Esame di maturità per le reti sociali che proliferano su Internet.
Terre d’incontro o piazze senza regole: i «social network» al bivio decisivo.
Rassegna stampa.
Se non sai usare i social network, come Facebook e Twitter, o non hai confidenza con un motore di ricerca, corri un grosso rischio: essere tagliato fuori dalla società.
Questa opinione, che si va sempre più diffondendo, è ora accreditata anche dalle preoccupazioni espresse da Viviane Reding, Commissario per i Media e la Società dell’informazione dell’Unione Europea, che invita gli Stati membri e l’industria a sensibilizzare maggiormente il pubblico educandolo sul funzionamento e sull’utilità di tali nuovi strumenti di comunicazione. Tutto vero. Il fascino del social networking è forte; con la sua facilità d’uso ti consente di creare relazioni, gestire e 'respingere' amicizie, partecipare a discussioni, promuovere idee e prodotti, sostenere campagne elettorali e movimenti di opinione; insomma, di «rimanere in contatto con le persone della tua vita» , come si legge nella pagina di apertura di Facebook. Ma anche di perdere tanto tempo.
È stata questa la valutazione che ha portato Bill Gates, uno che di innovazione se ne intende, a cancellarsi da Facebook, dando così una mano autorevole a quanti rifiutano di pensare che la vita possa essere monopolizzata dai social network.
Ben vengano allora tutti quei programmi che hanno la finalità di educare a un uso accorto e consapevole di questo straordinario strumento. Anche perché non passa giorno che la cronaca non ci mostri i molteplici rischi e i danni connessi a un suo uso superficiale o irresponsabile.
Soltanto negli ultimi giorni registriamo almeno questi tre fatti. Leggiamo che il ministero tedesco per la difesa dei consumatori ha anticipato alcuni contenuti di una ricerca dalla quale emerge che sono sempre più numerose le imprese (sino al 50% di quelle con oltre mille dipendenti) che ricercano su Internet informazioni su gusti e preferenze dei candidati a un posto di lavoro. E quattro volte su cinque queste informazioni vengono prese prima di chiamare il candidato a un colloquio.
Qualche volta le aziende, assunte le opportune informazioni curiosando tra interessi, hobby e opinioni personali sui social network, decidono di soprassedere. Occorre fare attenzione allora a cosa pubblicare in rete, perché ci può andare di mezzo anche la nostra carriera.
Altra notizia.
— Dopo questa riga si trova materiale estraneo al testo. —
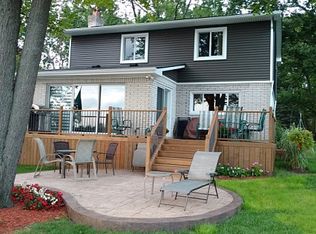 1459 Delmonte St, Wolverine Lake, MI 48390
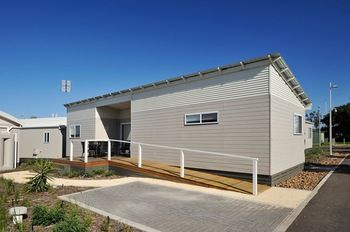Stockton Beach Holiday Park - Accommodation Australia 7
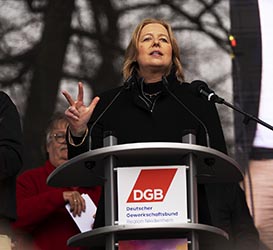Anti AFD Demonstration in Duisburg Bundestagspr&auml;sidentin B&auml;rbel Bas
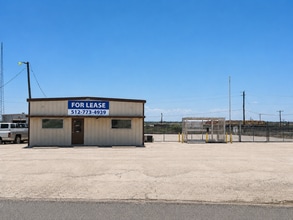 2006 Kings Hwy, Snyder, TX à louer Photo de l’immeuble– Image 1 sur 8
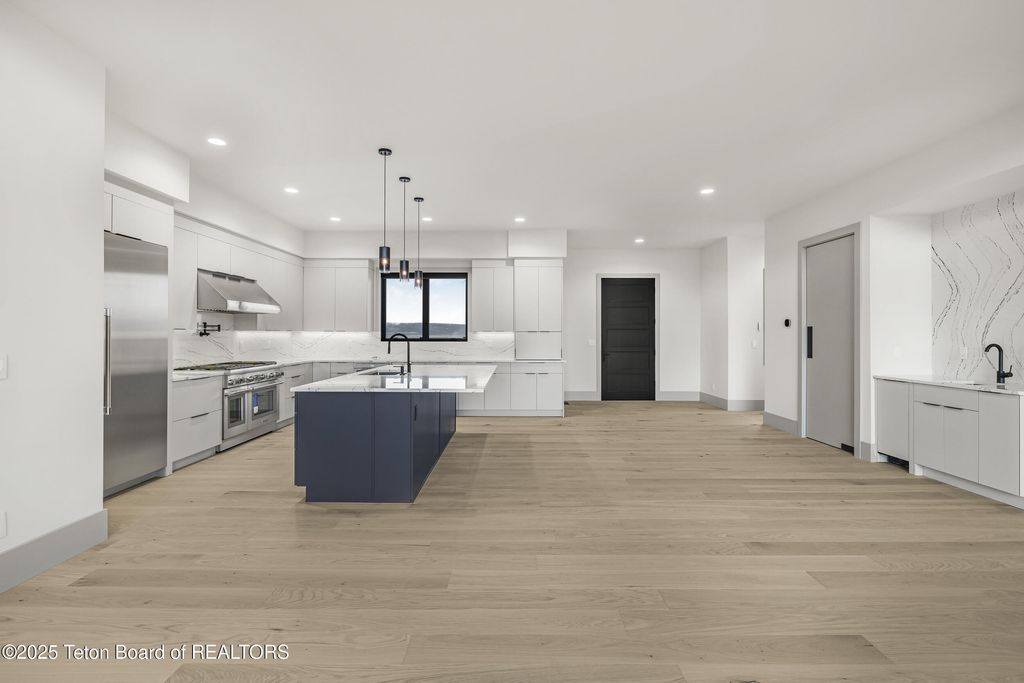 1404 CANYON SUNRISE, Driggs, ID 83422 photo 11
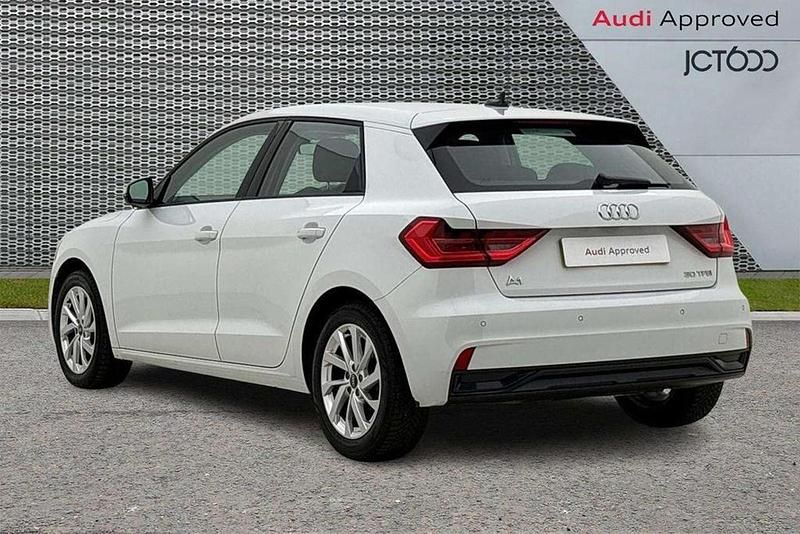 Used Audi A1 Sport 108 HP (79 kW) 2022 White SUV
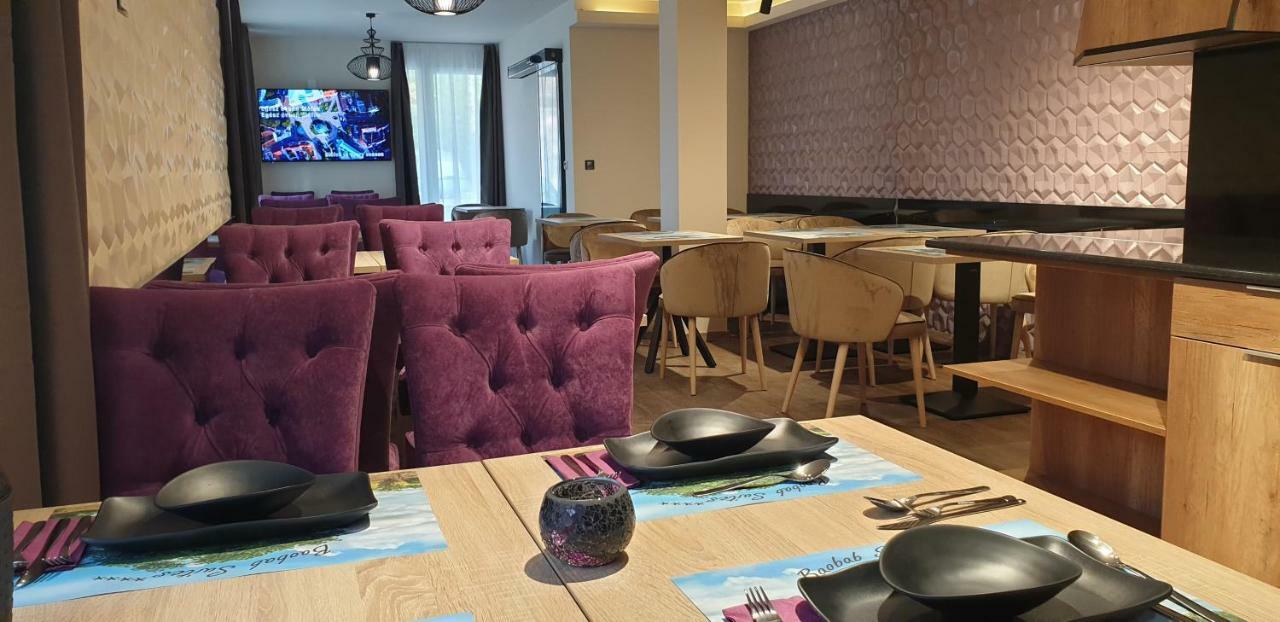 Baobab Suites Сиофок Екстериор снимка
Alcuni studenti, appena ottenuta la licenza media, hanno deciso di aprire un gruppo di discussione su Facebook dove sembra si siano lanciati in commenti poco edificanti su una loro insegnante che, informata da una amica, li ha denunciati per diffamazione. «Non pensavamo di fare qualcosa di illegale, tutti parlano male dei loro insegnanti» , hanno commentato i ragazzi. Perché non crederci?
Questa visione mette in luce, del resto, uno dei rischi più gravi che si vanno diffondendo; considerare quello del social network come un mondo a sé, un luogo virtuale dove regnano diritti di 'extraterritorialità' che mettono in ibernazione le regole del vivere civile e del rispetto delle persone. Sulla rete così ci si può permettere di tutto; le sue piazze diventano territorio del 'tutto è possibile', una specie di «teatro di maschere» , come l’ha chiamato il sociologo Ilvo Diamanti, dove il confine tra comunicazione ed esperienza svanisce in « un mondo di relazioni senza empatia». Ma la rete non può essere luogo di 'immunità'. Intanto però i social network diventano anche strumento per offendere e luogo per ospitare iniziative che rinforzano sentimenti e atteggiamenti 'contro' il rispetto dei più elementari diritti umani.
Come si fa allora a non condividere l’invito del Commissario europeo a lavorare in modo tale da mettere i cittadini «in condizioni di utilizzare i media con competenza e creatività»? È fuori dubbio che questo «sarebbe un passo avanti verso una nuova generazione di partecipazione democratica» , purché non si dimentichi che i social network vanno utilizzati, prima di tutto, «con responsabilità».
Dalla Ue l’appello a Stati e imprenditori per sensibilizzare gli utenti e renderli più responsabili Ma chi l’ascolterà?